[Dataset records — start]
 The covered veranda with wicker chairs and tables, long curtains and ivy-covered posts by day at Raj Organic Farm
[Dataset records — finish]
[Dataset records — start]
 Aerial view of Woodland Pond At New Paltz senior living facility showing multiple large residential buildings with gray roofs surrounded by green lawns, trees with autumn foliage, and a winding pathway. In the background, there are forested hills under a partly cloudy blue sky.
[Dataset records — finish]
[Dataset records — start]
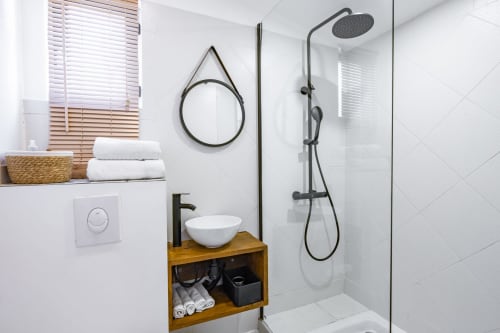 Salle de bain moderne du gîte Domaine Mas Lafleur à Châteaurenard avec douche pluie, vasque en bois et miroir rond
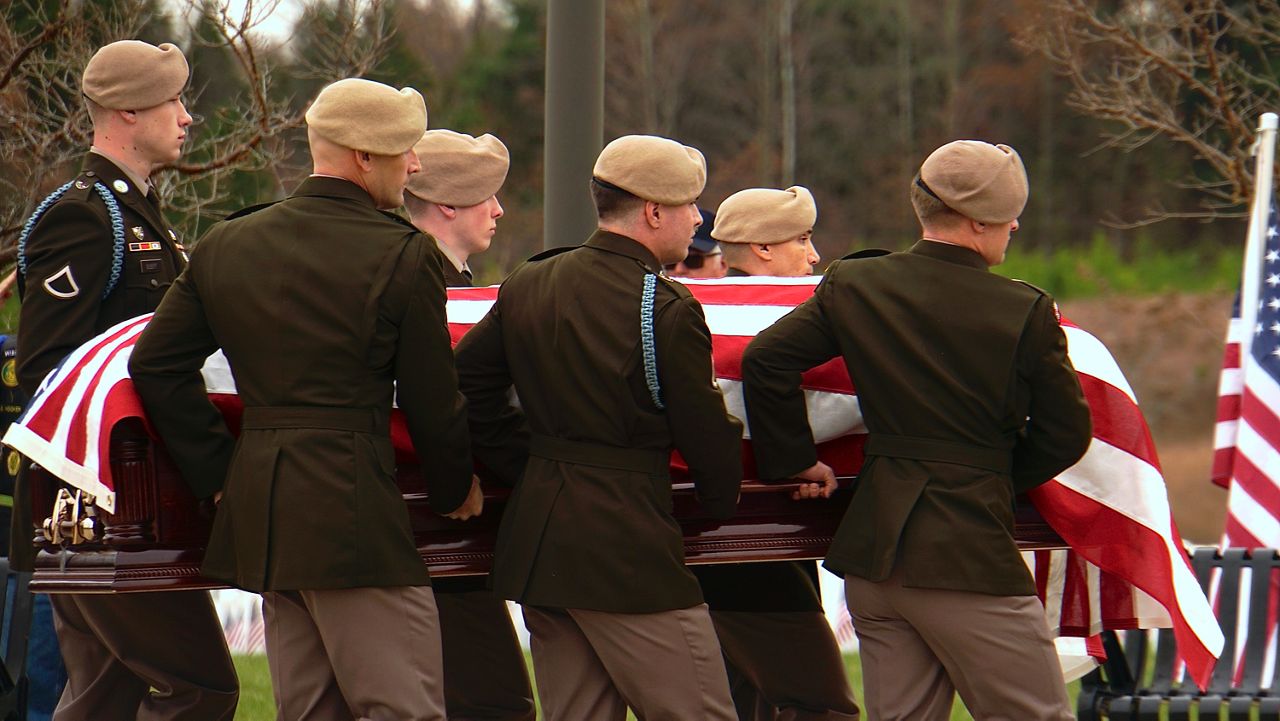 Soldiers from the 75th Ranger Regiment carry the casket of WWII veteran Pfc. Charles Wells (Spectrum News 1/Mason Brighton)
[Dataset records — finish]
Nothing but the lines above from the one that has "Salle de bain" down to the one that has "Soldiers from the" belongs in the answer, copied exactly, without pictures.

Result of this exercise =>
 Salle de bain moderne du gîte Domaine Mas Lafleur à Châteaurenard avec douche pluie, vasque en bois et miroir rond
 Soldiers from the 75th Ranger Regiment carry the casket of WWII veteran Pfc. Charles Wells (Spectrum News 1/Mason Brighton)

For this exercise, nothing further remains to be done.